The 2008 crisis elevated financial journalism to a general audience anxious to know what it meant (and how much it was costing them), then kept mesmerized by tales of lurid greed and unfolding national economies.
That urgency has receded, but financial journalism hasn't lost its taste for stories able to transcend the niche. Crypto, Meme-Stock Mania, Elon Musk, and the SPAC boom are recent examples. Going a little further back, corporate inversions had a mainstream moment. The resonant qualities of these stories, rapid growth, shaky ethics, fast characters, a sense that it might all blow up, etc., feel obvious in hindsight.
Financial media’s current obsession with private credit is harder to understand. Loans made to and traded between established institutions; private credit has grown rapidly in the last few years into an industry worth about several trillion dollars today. But it is hardly an exotic idea. The industry’s front men wear suits. Their product isn’t traded on the public markets but that’s true of many things that aren’t particularly interesting. It may blow up, but the evidence that it is about to is limited.

So, why the interest?
I have long been convinced that it is, at least partly, in the name. Despite there being lots of public data on private credit, there is a tendency to think of it as, well, private. Journalism isn’t set up to value the known, it thrives on illuminating that which is hidden from plain sight and is, thus, drawn to the opaque. That’s why rolling news is stuffed with independent clauses like Exclusive, Breaking, or Just In, regardless how interesting the story otherwise is. Revelation is value.

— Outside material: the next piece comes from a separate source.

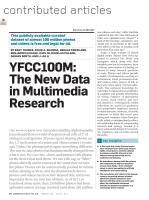 YFCC100M: The New Data in Multimedia Research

But rather than speculate, I asked those covering the story what makes it worth their time.
Liz Hoffman, Semafor's Business and Finance Editor
"It's new, it's big, and it might end badly. Plus, there's the (slightly manufactured) tension of banks losing ground to these upstarts, many of which were founded by breakaway bankers. In fact, banks have found a new spot in this ecosystem; each to their corner of this particular Rube Goldberg machine. The press also assumes the next crisis will look like the last one. The last crisis, in 2008, involved lenders getting out over their skis.
A lot of the pearl-clutching is overblown — it's not like banks have always been paragons of responsible lending, and private credit is a lot less prone to runs — but you can't have $2 trillion go into an untested new asset class this quickly without a few accidents. Reporters get paid to find those accidents.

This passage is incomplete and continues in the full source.